A corner forever England...
"Meine Hobbys sind: Fussball sehen, Bier trinken und schlafen."
England fans are sometimes renowned for their language but rarely for their linguistic skills.
Yet within minutes of beginning the class, some with no previous knowledge of German can say: "My hobbies are football, drinking beer and sleeping."
Language lessons at school were rarely so honest, but this is German with a touch of the football terraces.
The Goethe Institute in London is teaching fans heading to the summer's World Cup a basic grasp of the language.
And there isn't a past participle in sight during the two-hour, fortnightly class, which starts with the standard exchange of pleasantries - hello, how are you and so on.
USEFUL WORDS & PHRASES
Die Blamage: Disgrace
Die Spielverzoegerung: Time-wasting
Wer wird Weltmeister? Who will win the World Cup?
Schiri, bist du blind? Are you blind, ref?
Shiri, wir wissen wo dein Auto steht! We know where your car is, ref!
Then it's more familiar territory for football fans.
It will take more than Was ist deine Lieblingmannschaft? (What's your favourite team?) and Wer ist dein Lieblingsspieler? (Who's your favourite player?) to erase the bitter memories of missed penalty kicks and Gazza's tears. But it's a start.
A chorus of "Nein!" greets the suggestion in class that Manchester Utd is the best team, which is an accolade - in this non-partisan atmosphere - given overwhelmingly to Brazil.
Indeed among 25 people of all ages and nationalities, it's hard to find anyone who's going to be among the 100,000 England fans believed to be heading to Germany.
Sitting close to a Scot, who will be watching on television to cheer on England's opponents, is the Three Lions contingent, represented by an England-shirted Steve Shirley, 52, from Essex.
He's attended every qualifying game and he's waiting to hear if he's got tickets for the finals. And he's full of enthusiasm for the class.
"It's excellent," he says. "I like languages and try to learn a bit wherever I go. Usually I start off with 'hello', 'goodbye', directions and 'two beers please'. 'Zwei Bier, bitte'."
In one corner of the class there are three people who all have German partners.
"We talk about how annoying Germans are," jokes Lihong Shao, 29.
"And we're very popular when we get home. He's very supportive and he's wanted me to learn for many years and this is a good opportunity."
The lesson continues with some German geography - in relation to World Cup venues, of course.
"Now this time shout it out!"
Then it's time for some cordial phrases to direct at the referee - Gelbe Karte! Schiri, bist du bloed? Shiri, wir wissen wo dein Auto steht! (Yellow card! Are you stupid, ref?

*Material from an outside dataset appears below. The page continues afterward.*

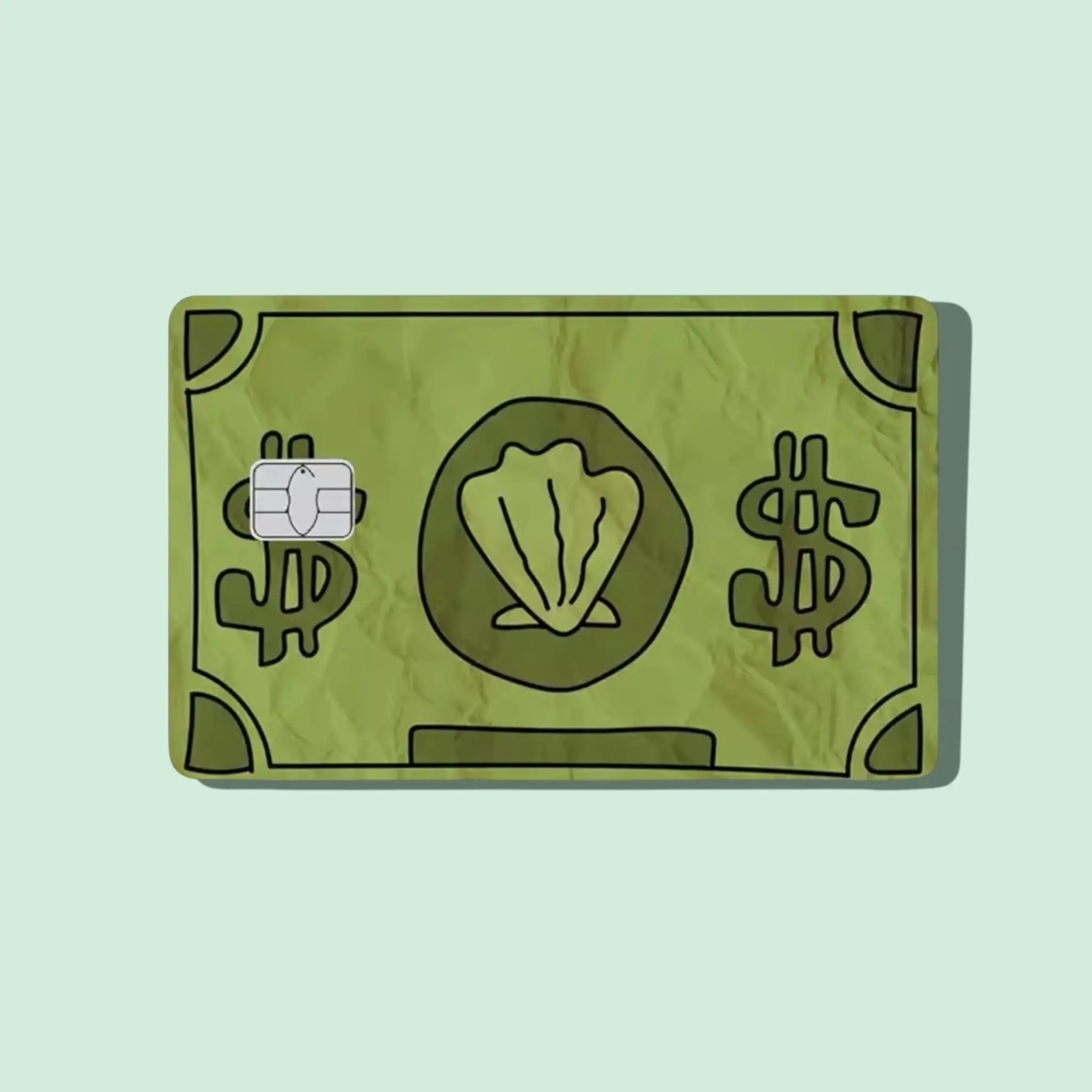 Bikini Dollars Credit Card Sticker Debit Skin Decal Cover Waterproof Vinyl Easy To Apply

We know where your car is, ref!)
And for the rousing finale, they are shouted, led by the energetic teacher Katja Wostradowski.
She thinks adding fun football language is not just about having a laugh, it does aid learning.

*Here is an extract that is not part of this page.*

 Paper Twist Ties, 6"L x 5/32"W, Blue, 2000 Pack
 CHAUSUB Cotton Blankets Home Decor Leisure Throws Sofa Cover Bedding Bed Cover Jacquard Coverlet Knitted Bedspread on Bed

But some pupils see a serious objective in bridging the cultural divide.
"This is an opportunity for 100,000 England fans who are going to a country they have probably never visited before," says Jeremy Killingray, who is from Peterborough.
"They don't go there for holidays because of history and fear and it's an opportunity to break that down.
Don't mention the 5-1 thrashing
"It's time people understood the modern Germany. A lot of people used to go there before the world wars, when there were strong royal family links."
The 43-year-old, who has tickets for Australia versus Croatia and Tunisia versus Ukraine, believes the World Cup can challenge the misconceptions borne from events during the 20th Century.
"A lot of people will get an experience of Germany which will surprise them very much - trains running on time, a warm welcome and English speakers."
And maybe a few fans will be able to answer in the native tongue.